A painful scrotum accompanied by fever, lumps, sudden redness and/or warmth, bloody urine, sudden urethral discharge and chronic pain, and/or mumps should be considered emergencies and immediately reported to the doctor. Failure to seek required medical attention for these cases may lead to severe outcomes including erectile dysfunction (ED), death of tissues necessitating the removal of the testes, chronic pain and even infertility.
Diagnosis of the Causes of Testicular Pain
Diagnosis of testicular pain may require a detailed history and a physical exam to be conducted by a medical practitioner. It may also require laboratory tests and imaging studies depending on the evaluation of the practitioner. Laboratory tests may include and are not limited to: urinalysis and blood work. If the patient has penile discharge, a urethral swab may also be necessary.
In some cases, scrotal pain may be a result of a testicular torsion – a medical condition that causes the testes to twist and cut off any blood supply, leaving the tissues damaged. When this condition occurs, immediate medical attention is required to prevent this damage. Males aged between 10 and 20 are the most vulnerable to this condition.

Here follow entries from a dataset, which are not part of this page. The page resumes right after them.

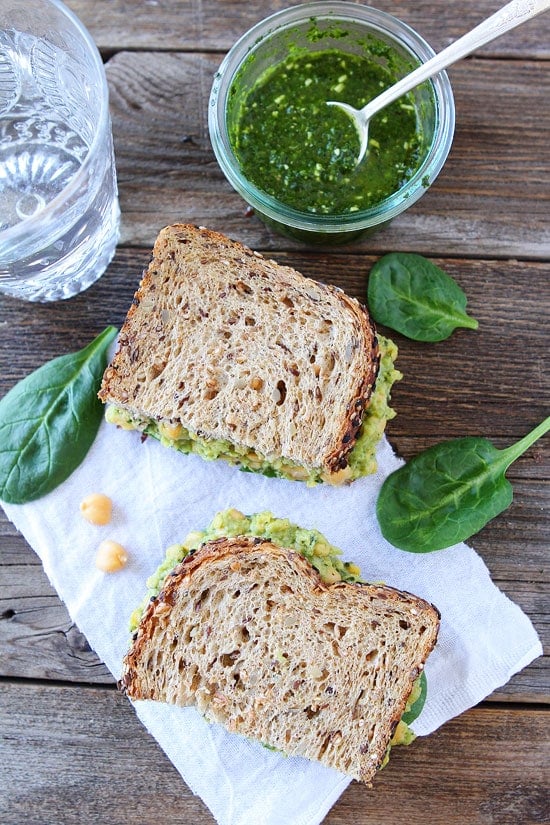 Smashed Chickpea, Avocado, and Pesto Salad Sandwich Recipe on twopeasandtheirpod.com I love this easy and healthy sandwich! It is my favorite! Smashed Chickpea, Avocado, and Pesto Salad Sandwich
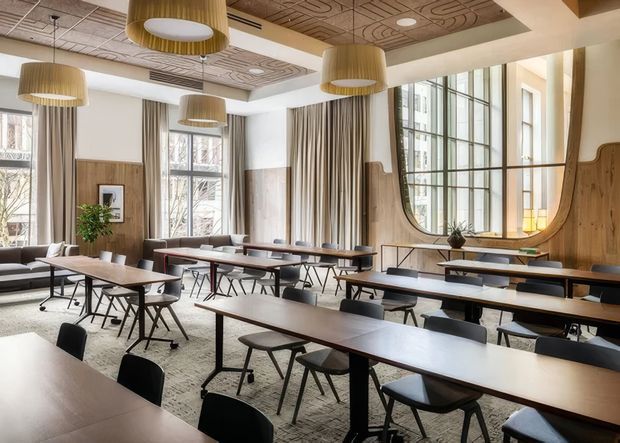A bright, spacious commercial dining or lounge area with multiple long timber tables and black chairs arranged in rows. The room features tall industrial-style gridded windows, full-height drapery, warm timber wall panelling with sculptural curved detailing, patterned acoustic ceiling panels, and large cylindrical pendant lights. A small lounge seating area and indoor plant sit near the windows.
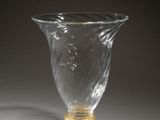 a clear glass vase sitting on top of a table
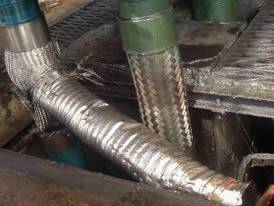 Flexible metal hose with worn stainless braid for overloading in a compressor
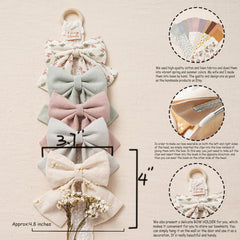 Fancy Clouds 5-inch flower-print embroidered bow close-up for adorable party styling.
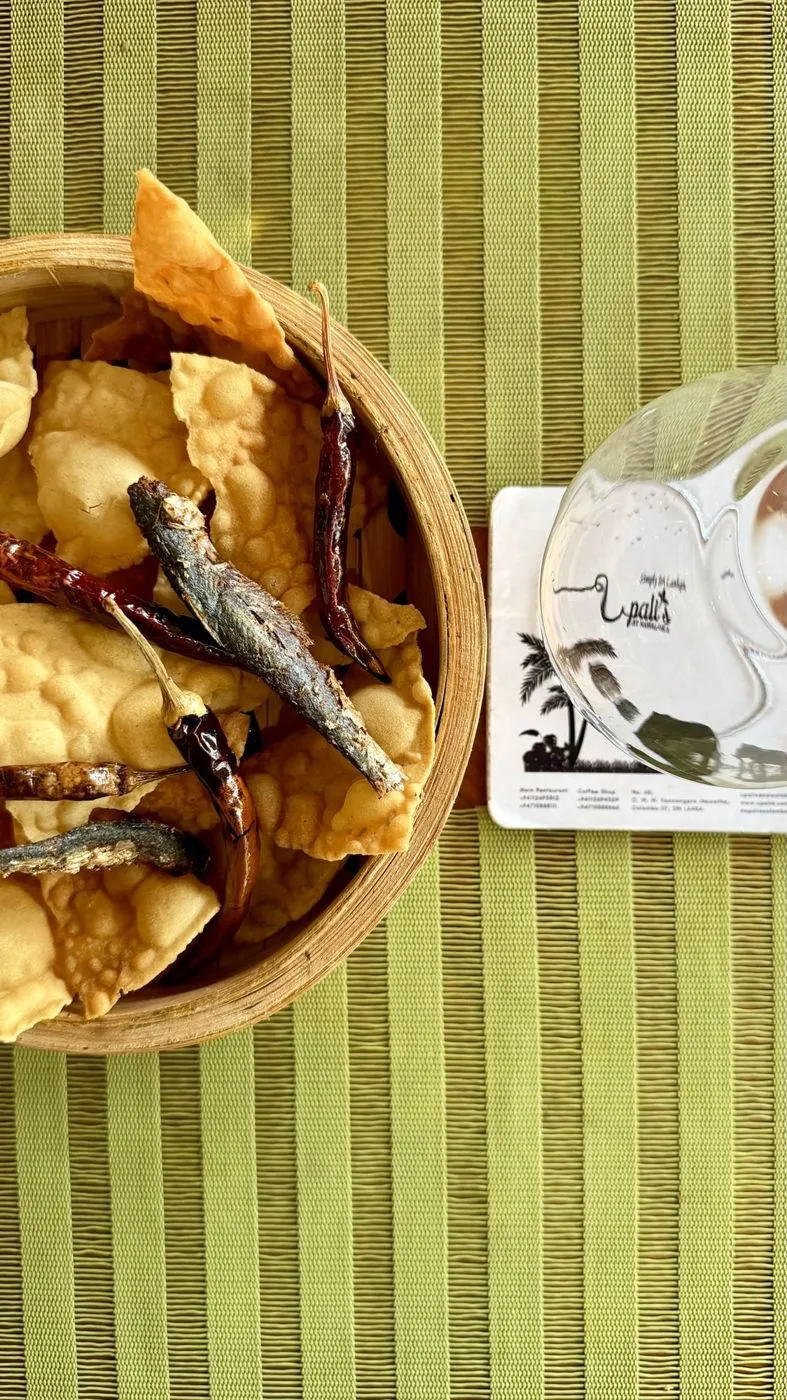 Papadam with fried chillies and dry fish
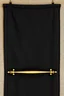 Placeholder: darker textured hanging fabric background with decorative brass corners at top, and a wide decorative brass bar clamped across the bottom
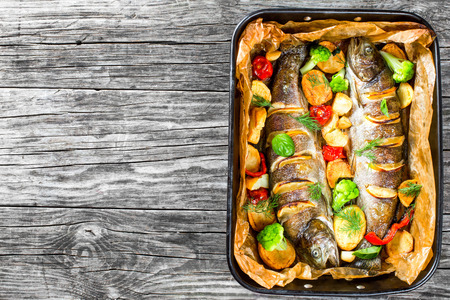 whole trout fishes grilled with potatoes, broccoli, lemon, tomatoes, top viewの写真素材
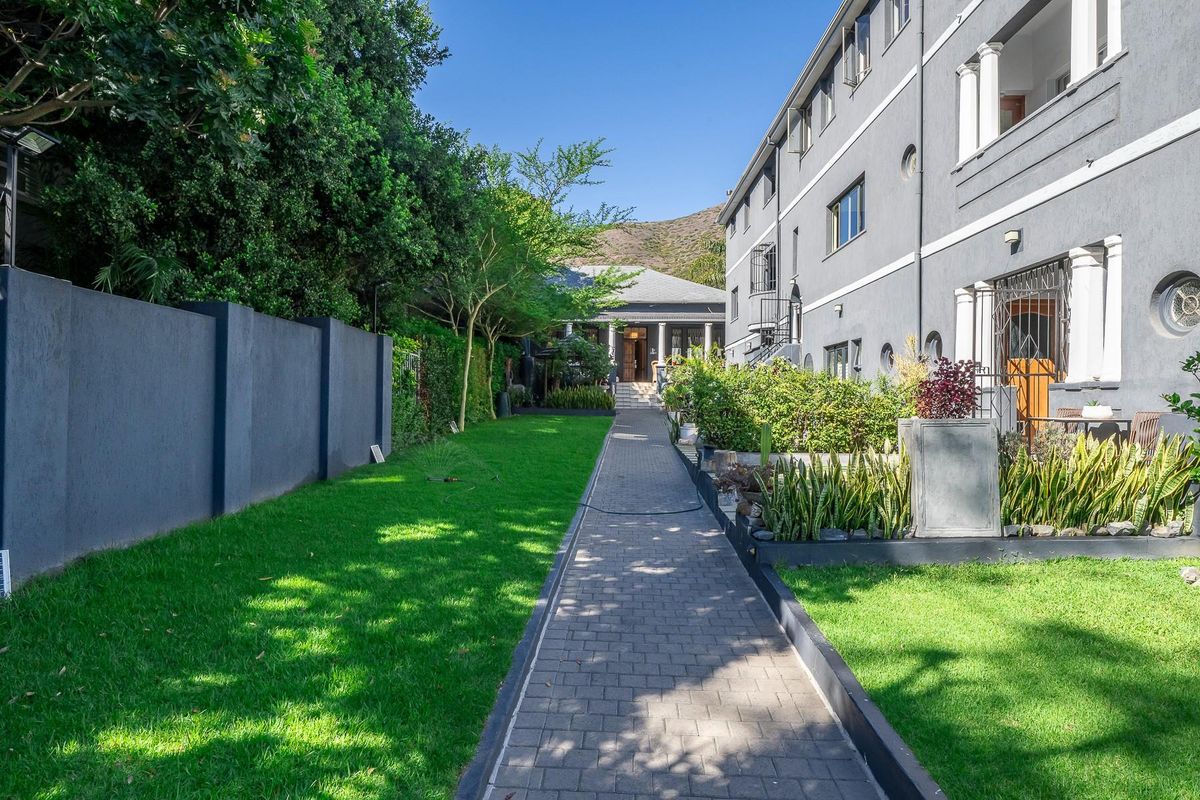A well-maintained exterior walkway leading through a landscaped garden area alongside the apartment building, featuring paved paths and established greenery.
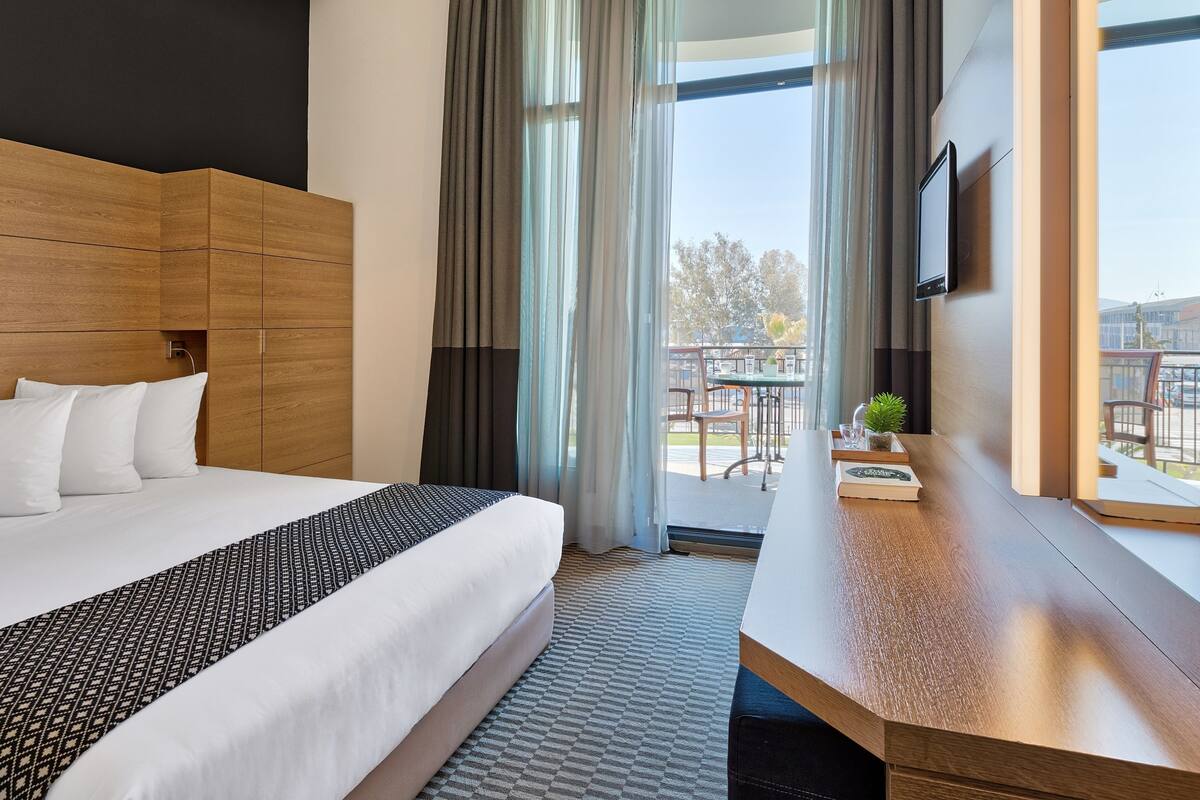 Habitación de hotel con una cama grande, cabecero de madera, escritorio con planta y vistas al exterior.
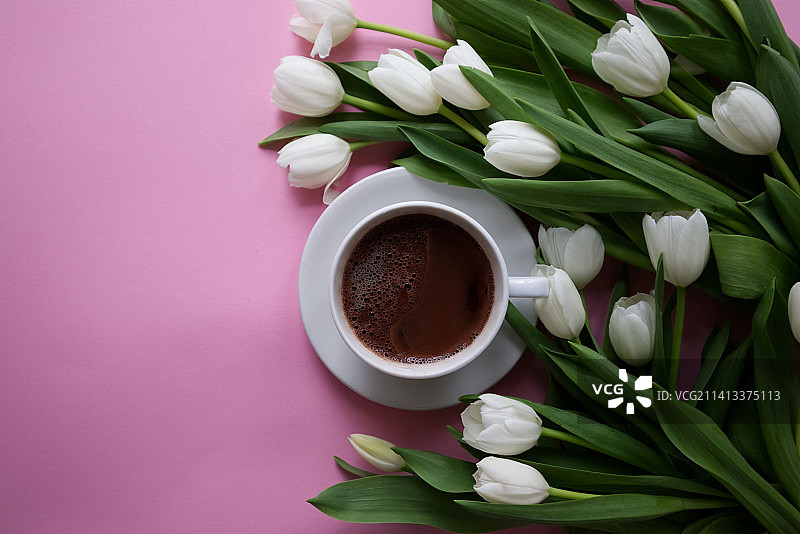 粉色背景上的咖啡与白色郁金香图片素材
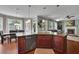 Open kitchen with stone countertops, wood cabinets, and a seamless flow to the living area at 4100 Secret Shoals Way, Buford, GA 30518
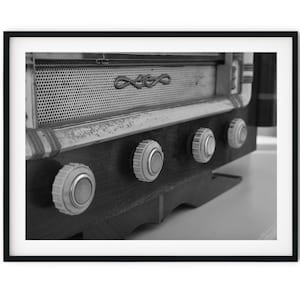 Puede incluir: Una radio vintage en blanco y negro con tres botones blancos. La radio tiene una rejilla metálica y una base de madera.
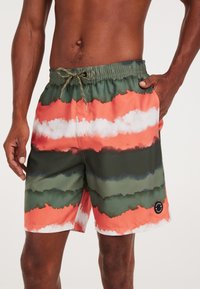 Zwemshorts met een meerkleurig, abstract patroon in tinten van groen, oranje en wit. Heeft een elastische tailleband en zijzakken.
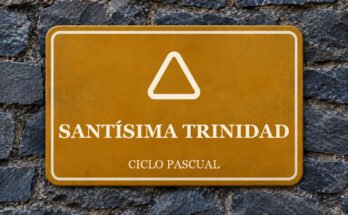 Rótulo ocre sobre un muro de pizarra con un pictograma y el texto «SANTÍSIMA TRINIDAD».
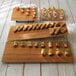 A rectangular faux bamboo melamine serving board with appetizers on it.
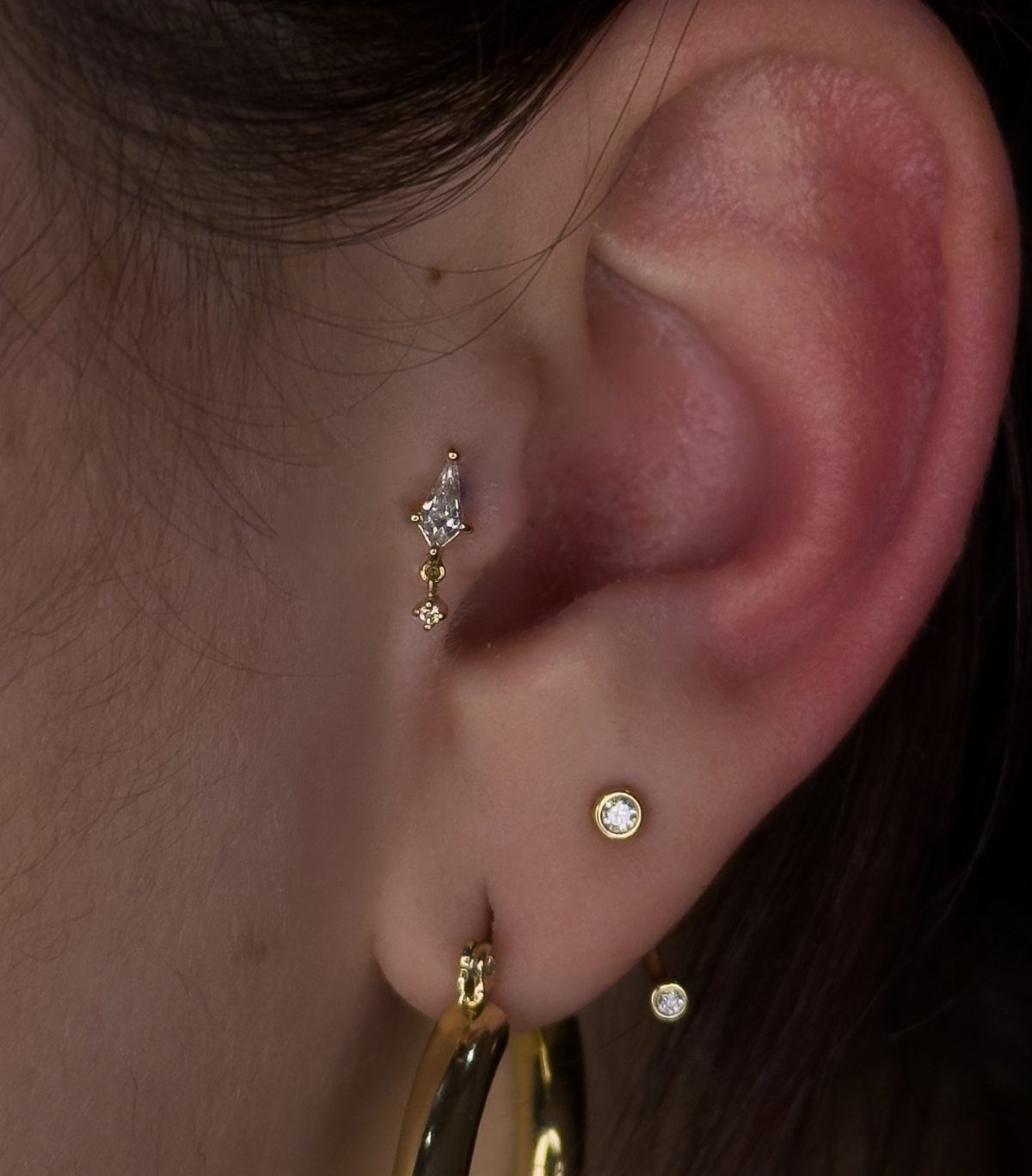 Human ear featuring gold and diamond jewelry, including a unique daith piercing.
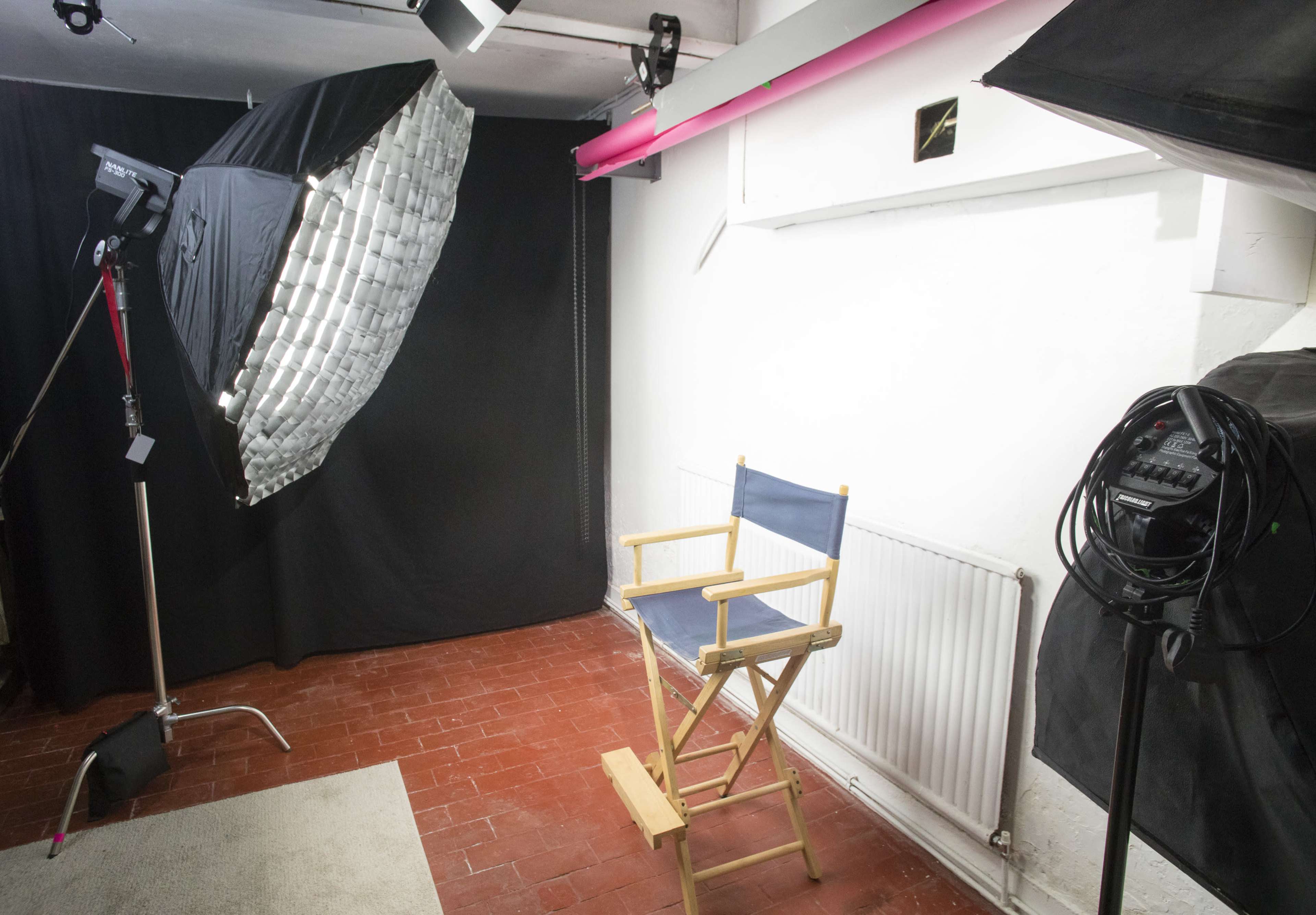 A well-lit photography studio featuring a director's chair, softbox lighting, and a black backdrop.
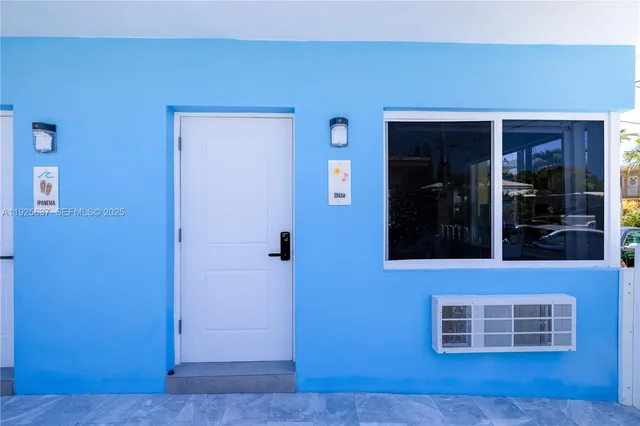 a bath room with a toilet a sink and a bath tub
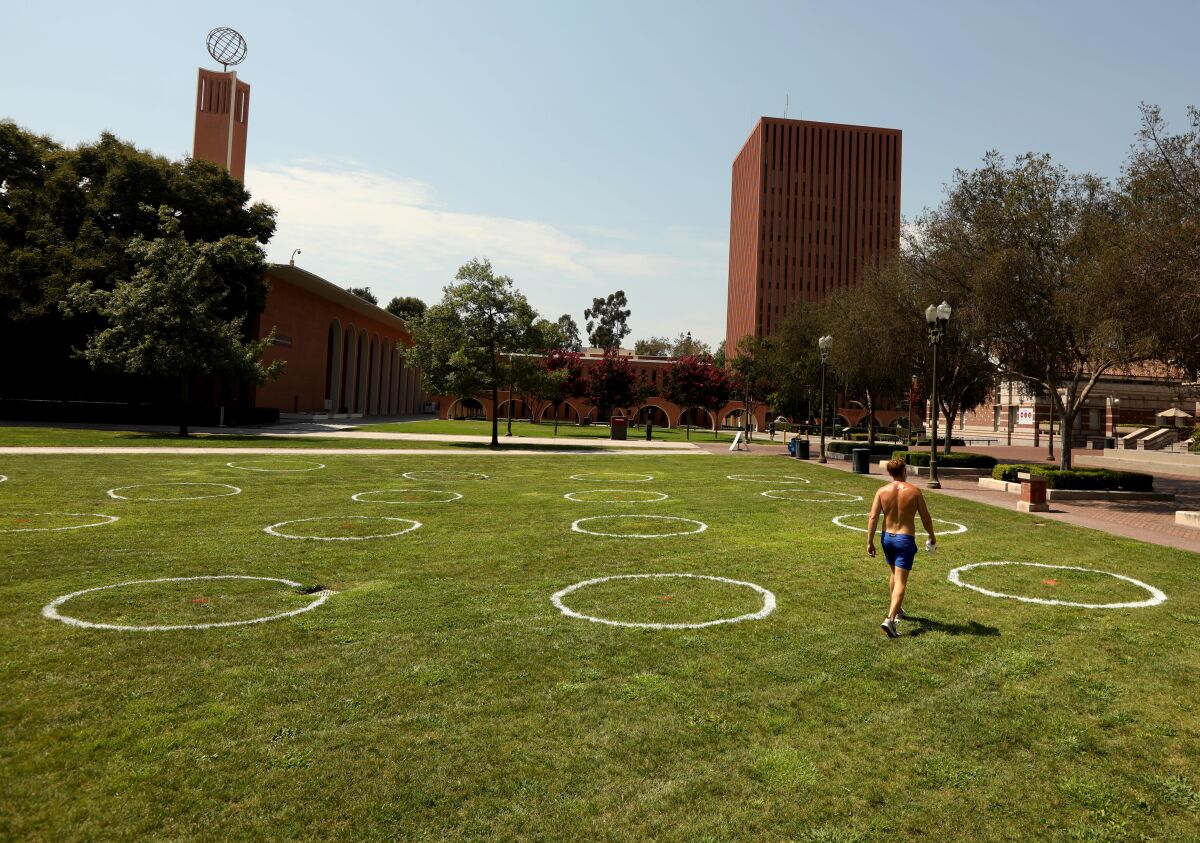 USC student David Appelbaum, 22, walks through a nearly empty campus on Monday.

In deciding how to treat testicular pain, a history of typical causes is required which may include previous testicular surgery, history of vasectomy and orchitis or epididymitis. It is vital that central and local pain be differentiated when deciding on how to treat this pain. Usually, at The PUR Clinic we do this via injecting a local steroid and anesthetic into the painful spermatic cord. This should relieve the pain, but if its relieved temporarily, then it is an indicator that the spermatic cord is the source of the pain and not the brain. Patients with such conditions are eligible for targeted microsurgical denervation. Our team has pioneered the techniques and technology used for this procedure. In addition to many other safety measures we offer at The PUR Clinic, we can also preserve the vas deferens in cases where the patient is still interested in reproduction.